Rudolf Diesel. Nikolaus Otto. Gasolina capaz de queimar como gasóleo. Em volta, a Mercedes embrulhou uma berlina de investigação chamada F 700 — carroçaria aquadinâmica, portas de abertura contrária e lasers nos faróis que liam a estrada antes das rodas.
Capítulo I
Gasolina que se acha gasóleo.
O DiesOtto era um motor a gasolina biturbo: um quatro cilindros de 1,8 litros com injeção direta e taxa de compressão variável. A frio e sob carga elevada acendia com velas, como qualquer motor a gasolina. Em cruzeiro passava para a autoignição controlada — uma mistura pobre que se inflama sozinha sob pressão, à maneira do diesel, mas sem fuligem.
Potência: 175 kW (238 hp) e 400 N·m, mais um módulo híbrido de 15 kW para o arranque. O desempenho igualava o de um S 350 da época. O consumo não: 5,3 litros por 100 km, 127 g/km de CO2 — cerca de metade do apetite do S 350.
A Mercedes disse que a tecnologia poderia chegar à produção em cinco anos. Como DiesOtto puro nunca chegou lá totalmente. As ideias que continha — downsizing, turbocompressão, carga estratificada — remodelaram todos os Mercedes a gasolina que se seguiram.
O próprio F 700 pesava cerca de 1.700 kg, menos do que um Classe S de base da época, porque um motor pequeno permite construir um carro mais leve à sua volta.
- Cilindrada
- 1,8 L
- Potência do sistema
- 238+20 hp
- Consumo
- 5,3 L
- por 100 km
- CO2
- 127 g
- por km

«Um tapete voador que desliza sobre as irregularidades.»
Capítulo II
Ler a estrada antes de a apanhar.
O PRE-SCAN era o Active Body Control com previdência. Dois sensores laser nos faróis mapeavam o pavimento; a suspensão hidráulica preparava depois cada roda para o obstáculo que ainda estava a metros. A Mercedes anunciou-o como o primeiro carro do mundo capaz de reconhecer antecipadamente o estado da estrada.
Seis anos depois a ideia chegou à produção como Magic Body Control no Classe S W222 — com câmaras estéreo em vez de lasers, mas a mesma promessa: o carro vê o buraco primeiro.
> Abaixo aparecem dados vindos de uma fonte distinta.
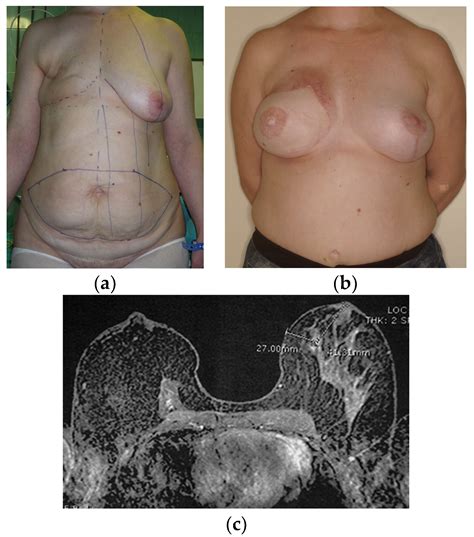 DIEP Flap - breast cancer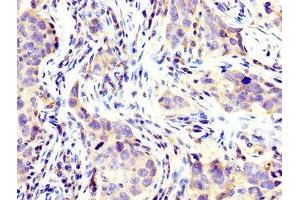 IHC image of ABIN7174344 diluted at 1:200 and staining in paraffin-embedded human pancreatic cancer performed on a Leica BondTM system.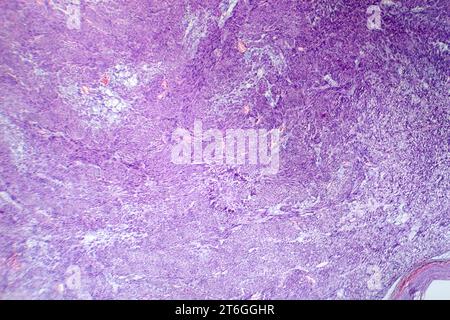 Photomicrograph of leiomyoma, illustrating benign smooth muscle tumor cells within the uterine tissue. Stock Photo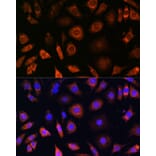 Immunofluorescence - Anti-PFDN4 Antibody (A91935) - Antibodies.com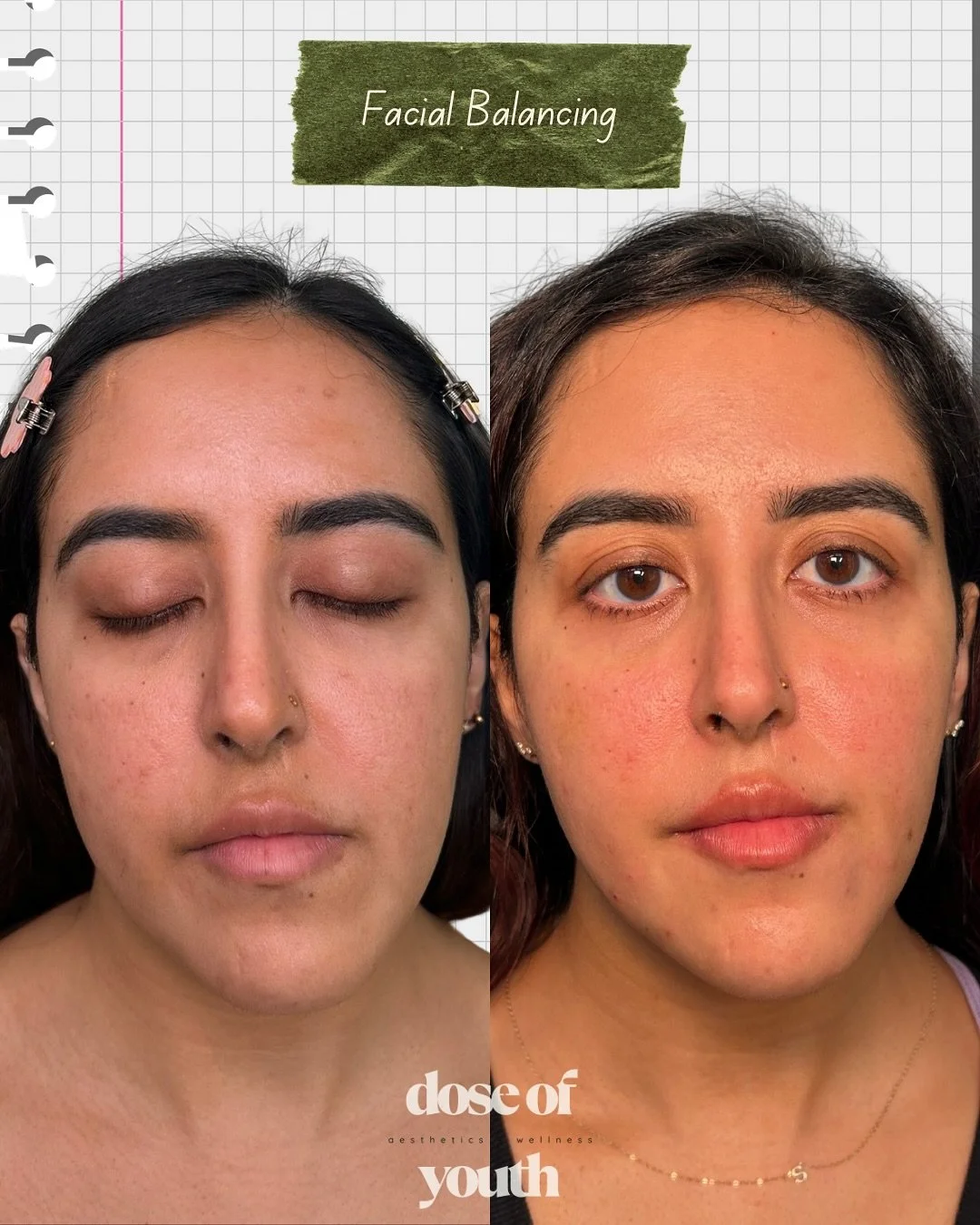 Facial balancing is a journey, not a one-time appointment.

We started this beautiful transformation back in April and slowly layered small, intentional amounts of filler over several months: cheeks, lips, chin, chin shadow, jawline, and neurotoxin.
A carroçaria em volta era design «Aqua Dynamic» — superfícies de escoamento de peixe herdadas do Bionic Car — com 3,45 metros de entre-eixos, portas traseiras de abertura contrária e painéis de teto em vidro em forma de lágrima. O estúdio Advanced Design da Califórnia moldou uma berlina de viagem que não se parecia em nada com o W221 que devia suceder.

Epílogo
O motor que quase foi.
O DiesOtto nunca conseguiu inscrever o nome na tampa de um Classe S. A combustão HCCI a gasolina revelou-se brutalmente difícil de industrializar. O que sobreviveu foi o argumento do conforto: o PRE-SCAN tornou-se Magic Body Control, e todo o híbrido Mercedes moderno persegue ainda o truque do F 700 de fazer um pequeno grupo propulsor parecer grande. O carro de investigação está no museu como lembrança de que a Mercedes tentou uma vez reinventar o motor de ignição por vela a partir dos primeiros princípios — e chegou a meio caminho.